How is it that the blood can pass through the lungs of phthisical patients, in whom this organ is reduced nearly one half? I would observe upon this subject, that the blood in the great vessels is diminished in proportion to the ulceration of the lungs. The diminution of this fluid is remarkable in many organic affections, but especially in these, as Portal has observed. If a phthisical patient in the last stage had as much blood, as before the disease, the circulation certainly could not go on, or at least there would be a constant reflux towards the right auricle. Who is ignorant of the small pulse, feeble though frequent, particularly towards night, in phthisis? Compare it with the pulse of an inflammatory fever, in which there is evidently plethora; you will see that they are really the two extremes.
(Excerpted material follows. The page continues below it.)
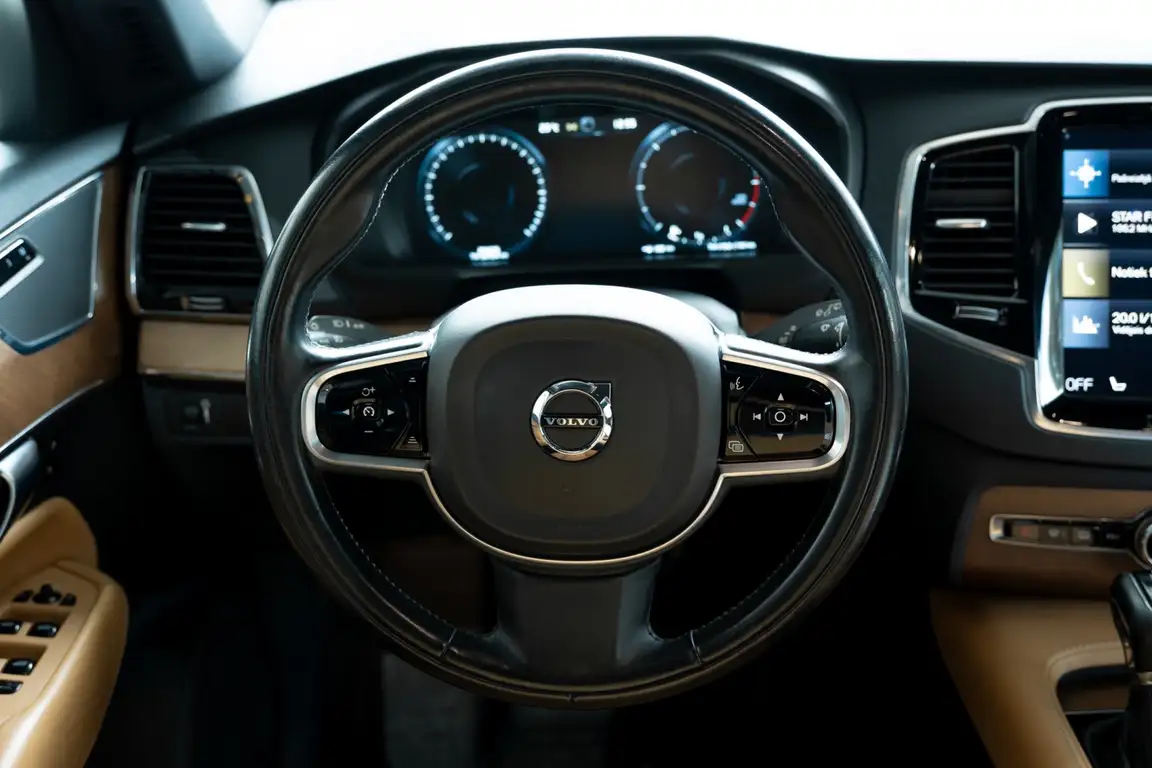 VOLVO XC90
I will make a general observation upon this subject, it is this, that when the forces are weakened in our organs, or life languishes in them, the blood is diminished almost continually in proportion; so that this fluid being considered in the capillary system, as the resistance opposed to the power of the small vessels, the proportion remains always the same between this power and this resistance. It is necessary that the whole should be in relation. If blood was transfused into a phthisical patient, he would die, because the forces of the solids would not correspond with the increase of action to which they would be forced.

The circulation of the pulmonary capillaries, is, like that of the others, under the influence of the tonic forces of the part, and not under that of the impulse of the heart. This impulse terminates at the extremity of the branches of the pulmonary artery. In inflammation then of the lungs, the blood is not mechanically arrested in this organ; then, when you bleed, it is not to diminish the vis à tergo. You might draw ten basins from the patient, but the lungs most commonly would not empty themselves; they would be less fatigued by the entrance of the blood; but that which was stagnant in the capillary system would still remain there. So long as there is a point of irritation, it will be, if we may so say, a magnet which will attract the blood, and completely change its direction; which was before from the artery to the veins, it will now be only towards the irritated point. Bleeding acts then, 1st, by diminishing the blood that enters the lungs, and consequently by lessening the fatigue of this diseased organ; 2d, by diminishing the irritation of the solid, which attracts the blood, and retains it around the irritated place.

The constant excitement that the air gives to the pulmonary capillary system is favourable to its circulation; but the blood can traverse this system without this excitement, as is proved by my experiments mentioned elsewhere.

III. Alteration of the Blood in the Pulmonary Capillaries.

There takes place here the reverse of what happens in the general capillaries; the fluid changes from black to red. We have already some data upon the causes of this phenomenon; but I think new experiments should be made before a thorough explanation can be given. This is so much the more necessary, because if we knew how the black blood becomes red, it would seem that we might know how the red becomes black.